Y entonces pasó. No hacía falta porque lo tenía resuelto de antemano, así que para qué pedírmela. Para qué enrostrarme con tanto desparpajo que ellos pueden jugar las horas que sean y que no dependen de algún pelotazo perdido para entusiasmarse con patear una pelota. El grito fue de uno, pero equivalió al de todos. Cualquiera de ellos lo diría si se repitiera la secuencia. Seguro. Pudo ser el gordito, el pecoso, el rubio, el despeinado. Al primero que le saliera la voz hubiese dicho lo mismo:

—Señor, la pelota.

jueves, 5 de noviembre de 2009

Ser o no ser


Tenía que ser y fue. Tenía que saber y supo. Tenía que abrazarla y lo hizo. No hay dudas que tiene que ser de esos jugadores que sienten la obligación de ser genuinos, siempre. En aquella ocasión, él fue en busca de la pelota sabiendo que debía arremeter a conciencia contra ese objeto sagrado para el futbolista. El abrazo no fue otra cosa que un gesto poético. El último de los románticos quedó a solas con la pelota, de cara al aquero rival, en un rato de apariencia efímera que el tiempo convirtió en inmortal. En efecto, cuando erró el penal no le importó ser condenado a un eventual escarnio. Ante todo sentía el deber de imponerse al aplauso, al grito cerrado de gol, a las palmadas vacías sobre su espalda.
Hay momentos en que uno no puede dejar de ser sí mismo ni un poquito. Es ese poquito el que puede marcar quién es quién en un instante. Ese era uno especial, impostergable y definitorio. Quizás la vez más importante que ese hombre tuvo la obligación de ser él mismo.

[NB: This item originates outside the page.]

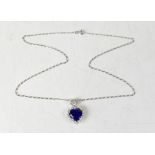 A 14ct white gold necklace pendant with heart-shaped claw set cut blue stone,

Como ya dije, él tenía que ser y fue. Tenía que saber y supo. Tenía que abrazarla y lo hizo. Y para ser justo, honró la Justicia.


(Dedicado a Morten Wieghorst, el entonces capitán de la selección sub 23 de Dinamarca, que el 4 de febrero de 2003 tiró a propósito un penal afuera por considerar que su sanción había sido injusta. Ese día Irán le ganó al equipo danés 1 a 0 y lo eliminó de la Copa Carlsberg, disputada en Hong Kong).

lunes, 2 de noviembre de 2009

Carteles en una cancha de fantasía


“Se prohíbe jugar a los que no sueñan con hacer un gol antes de empezar el partido. Y también a los que sospechan que nunca serán ovacionados por la estúpida razón de creer que la realidad es real y los sueños, puro cuento”.

“El mejor delantero no es el que más goles convierte, sino el que quiere hacer aunque sea uno para compartir el festejo con todos sus compañeros”.


“Acá no juega el que se cree mejor que los demás. Y tampoco el que piensa que es el peor de todos”.


“No hay eximidos para correr. Aunque hay contemplaciones para el que no corre. Tampoco nadie debería dejar de mirar al compañero para darle el pase. Pero se perdona al que alguna vez prefirió hacer su propia jugada. Lo que no se permite bajo ningún concepto es que jueguen los que no intentan ser felices”.


“El premio más valioso en esta cancha no es para ‘el mejor jugador’, ‘el goleador’ o ‘el arquero menos vencido’. Acá gana prestigio el que es condecorado con un premio de verdad: el de ‘mejor compañero’”.